CLUSTER_SIZE_COL_NAME = 'Number of sequences'
CLUSTER_SIZE_PLOT_TITLE = 'Cluster sizes (using log values)'
CLUSTER_SIZE_PLOT_YLABEL = 'Cluster size'
LARGEST_CLUSTERS_CNT = 10

def cluster_size_overview(df_cluster_sizes):
    df_log_cluster_sizes = np.log(df_cluster_sizes + 1)
    sorted_df_log_cluster_sizes = df_log_cluster_sizes.sort_values().reset_index(name=CLUSTER_SIZE_COL_NAME)

    # Largest clusters
    print(f'{LARGEST_CLUSTERS_CNT} largest cluster sizes:')
    print(df_cluster_sizes.sort_values().reset_index(name=CLUSTER_SIZE_COL_NAME).tail(LARGEST_CLUSTERS_CNT).iloc[::-1].to_string(index=False))

    # Distplot
    plt.figure(figsize=(10,6))
    ax = sns.distplot(df_log_cluster_sizes.values, bins=np.arange(df_log_cluster_sizes.min(), df_log_cluster_sizes.max() + 1), kde_kws={'bw': 1})
    ax.set(title=CLUSTER_SIZE_PLOT_TITLE + ' - distribution',
           xlabel= CLUSTER_SIZE_PLOT_YLABEL,
           xticklabels=['{:.2f}'.format(np.exp(v) - 1) for v in ax.get_xticks()])
    plt.show()
    
    # Areaplot
    ax = sorted_df_log_cluster_sizes[CLUSTER_SIZE_COL_NAME].plot.area(figsize=(10,6))
    ax.set(title=CLUSTER_SIZE_PLOT_TITLE, xlabel= 'Cluster', ylabel=CLUSTER_SIZE_PLOT_YLABEL, xticks=[],
           yticklabels=['{:.2f}'.format(np.exp(v) - 1) for v in ax.get_yticks()])

In [None]:
clusters_gr = data.groupby(CLUSTER_ID_COLUMN_NAME)
cluster_sizes = clusters_gr.size()
cluster_size_overview(cluster_sizes)

### Subject counts

In [None]:
cluster_subj_cnt = clusters_gr['Subject'].nunique()
cluster_subj_cnt

In [None]:
from bin.plotting import barplot

ax=barplot(cluster_subj_cnt.value_counts(), title='Number of source subjects in clusters')
ax.set(ylabel='Number of subjects', xlabel='Number of clusters');

### CDR3 logos of the largest clusters

In [None]:
HEBP_TYPE = 'HepB+B-cells'

clusters_specif = clusters_gr.apply(lambda gr: (gr['BType'] == HEBP_TYPE).sum() / len(gr))

In [None]:
import matplotlib.pyplot as plt
import logomaker as lm
import math

LOGOS_CLUSTER_CNT = 10
NCOLS = 2
HEP_B_RATIO_THRESHOLD = 0.5

def cdr3_logos(cluster_ids, mark_hepb=False):
    nrows = math.ceil(len(cluster_ids) / NCOLS)
    
    fig, axs = plt.subplots(nrows, NCOLS, figsize=(10, 8))
    
    for cluster_id, ax in zip(cluster_ids, axs.flat):
        cluster_data = data[data[CLUSTER_ID_COLUMN_NAME] == cluster_id]
        cluster_cdr3_sequences = cluster_data['cdr3'].values
        
        counts_mat = lm.alignment_to_matrix(cluster_cdr3_sequences)

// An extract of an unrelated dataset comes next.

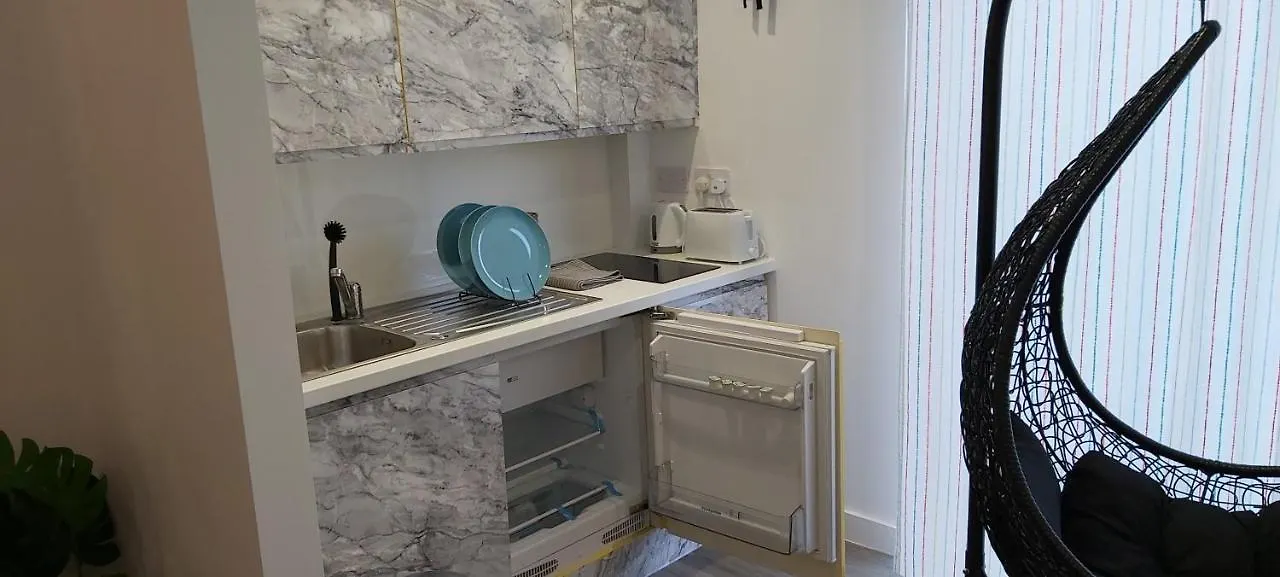 Lovely Studio Apartment Sheffield City Centre - Netflix, Wifi, Digital Tv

        logo = lm.Logo(counts_mat, color_scheme='chemistry', ax=ax)
        subjects_cnt = len(cluster_data.groupby(['Author', 'Subject']))
        
        title = f'CDR3 - cluster {cluster_id}. Size={cluster_sizes[cluster_id]:,}\nHepB_spec.={"{:.3f}".format(clusters_specif[cluster_id])} - from {subjects_cnt} subjects'
        fontweight = 'bold' if mark_hepb and clusters_specif[cluster_id] > HEP_B_RATIO_THRESHOLD else 'normal'

        ax.set_title(title, fontweight=fontweight)

    fig.tight_layout()

In [None]:
largest_clusters = cluster_sizes.sort_values(ascending=False).head(LOGOS_CLUSTER_CNT).index.to_list()
cdr3_logos(largest_clusters, mark_hepb=True)

### CDR3 logos of the clusters with most subjects

In [None]:
clusters_sorted_subj = cluster_subj_cnt.sort_values()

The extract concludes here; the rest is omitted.